カーネルは、デバイスツリーを構築することに加えて、デバイスの管理に使用されるドライバを判別します。

ドライバのデバイスへのバインドとは、システムが特定のデバイスを管理するためにドライバを選択するプロセスを指します。バインド名とは、ドライバを、デバイス情報ツリー内の一意のデバイスノードにリンクする名前のことです。システムはデバイスツリー内のデバイスごとに、インストール済みのドライバの一覧からドライバを選択しようとします。

各デバイスノードには関連付けられた name プロパティーがあります。このプロパティーは、PROM などの外部エージェントから割り当てる、システムブート時に割り当てる、または driver.conf 構成ファイルから割り当てることができます。どの場合にも、name プロパティーはデバイスツリー内のデバイスに割り当てられるノード名を表します。ノード名は、/devices に表示され、prtconf(1M) の出力に一覧で示される名前です。

図 2-3  デバイスノード名

image:図はデバイスノード名の簡単な例を示しています。

デバイスノードには compatible プロパティーを関連付けることもできます。compatible プロパティーには、1 つ以上の使用可能なドライバ名またはデバイスのドライバ別名の一覧が、並び替えて格納されています。

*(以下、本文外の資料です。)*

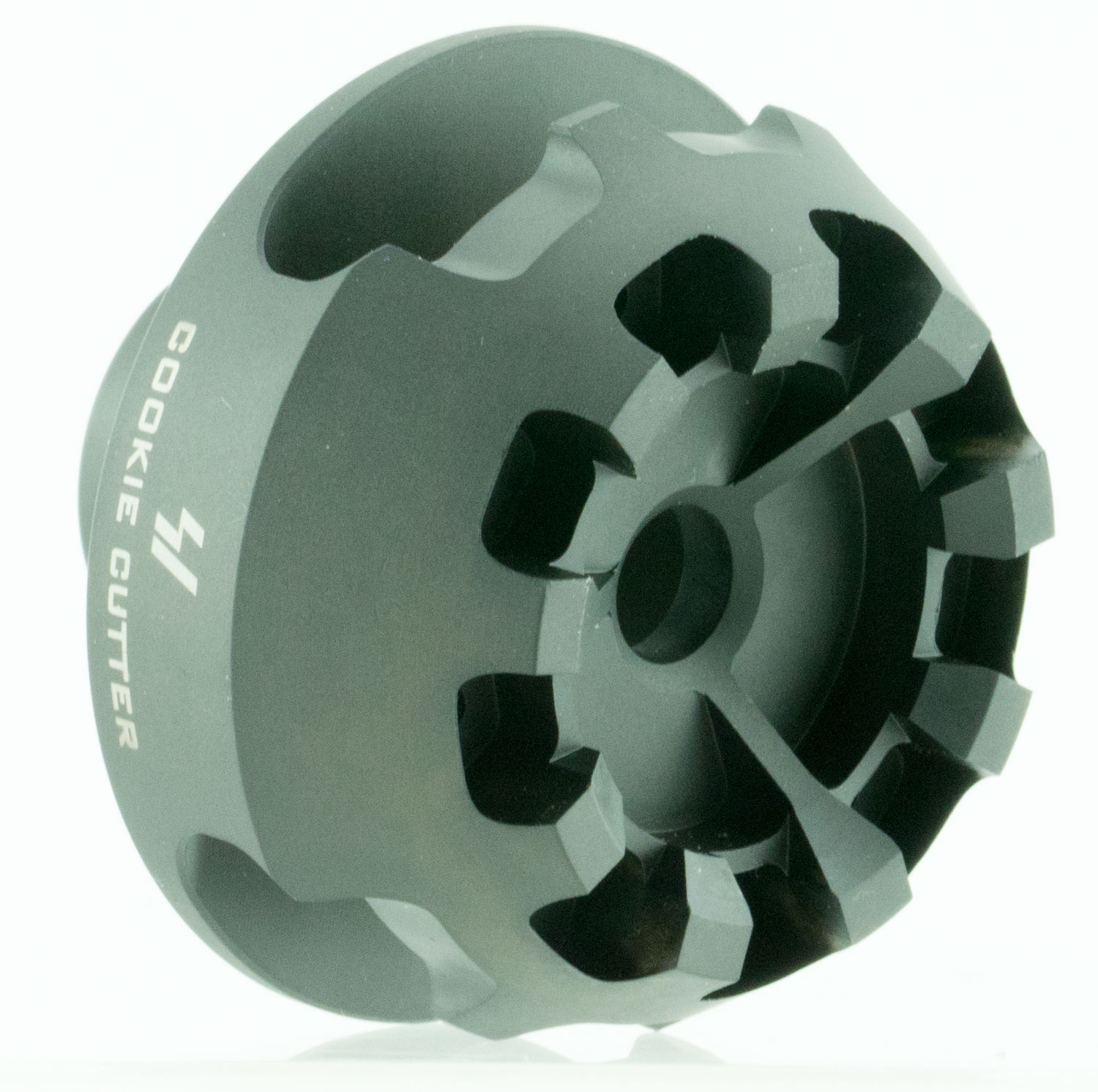 Strike Industries CCCOMP308 Cookie Cutter Comp Black Matte Steel with 5/8″-24 tpi Threads, 1.57″ OAL & 0.26″ Inside/2.14″ Outside Diameter for 308 Win, 7.62x51mm NATO AR-Platform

システムは compatible プロパティーと name プロパティーの両方を使用してデバイスのドライバを選択します。システムは compatible プロパティーが存在する場合、最初に compatible プロパティーの内容を、システム上のドライバと照合しようとします。システムは compatible プロパティーの一覧に記載された最初のドライバ名から処理を開始し、ドライバ名をシステム上の既知のドライバと照合しようとします。一覧の各エントリは、システムが一致するものを見つけるか、一覧の最後に達するまで処理されます。

name プロパティーまたは compatible プロパティーのいずれかの内容がシステム上のドライバと一致する場合、そのドライバがデバイスノードにバインドされます。一致するものが見つからない場合、どのドライバもデバイスノードにはバインドされません。

汎用デバイス名

一部のデバイスでは、name プロパティーの値として汎用デバイス名が指定されています。汎用デバイス名は、そのデバイス用に特定のドライバを実際に結び付けるのではなく、デバイスの機能を説明するものです。たとえば、ある SCSI ホストバスアダプタが scsi という汎用デバイス名を持っている場合があります。また、イーサネットデバイスが ethernet という汎用デバイス名を持っていることがあります。

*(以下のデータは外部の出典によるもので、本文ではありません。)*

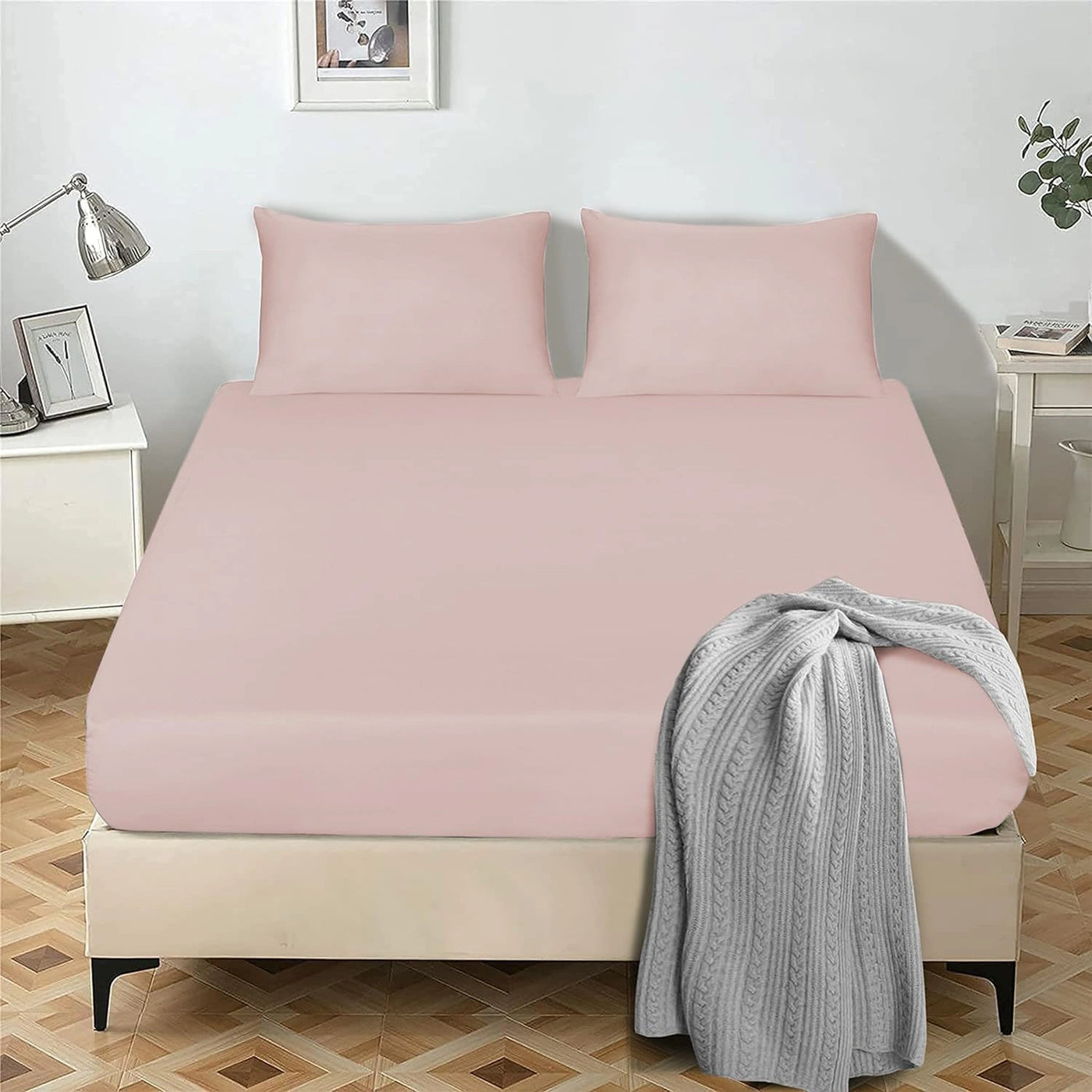 Microfiber fitted sheets available in single, double, king, super king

compatible プロパティーを利用すると、システムは汎用デバイス名を持つデバイス用の代替ドライバを判定できます。たとえば、scsi HBA デバイスドライバには glm を、ethernet デバイスドライバには hme を見つけることができます。

汎用デバイス名を持つデバイスには、compatible プロパティーを指定する必要があります。


注 - 汎用デバイス名の詳細な説明については、『IEEE 1275 Open Firmware Boot Standard』を参照してください。

次の図は、固有のデバイス名を持つデバイスノードを示しています。ドライバのバインド名 SUNW,ffb はデバイスノード名と同じ名前です。

図 2-4  ドライバノードの固有名のバインド

image:この図は、固有のデバイス名として SUNW, ffb を使用するデバイスノードを示しています。

次の図は、汎用デバイス名 display を持つデバイスノードを示しています。ドライバのバインド名 SUNW,ffb は、システムのドライバ一覧に記載されているドライバと一致している、compatible プロパティーのドライバ一覧で最初の名前です。この場合、display がフレームバッファーの汎用デバイス名です。

図 2-5  汎用ドライバノードのバインド

image:この図は、汎用デバイス名 display を使用しているデバイスノードを示しています。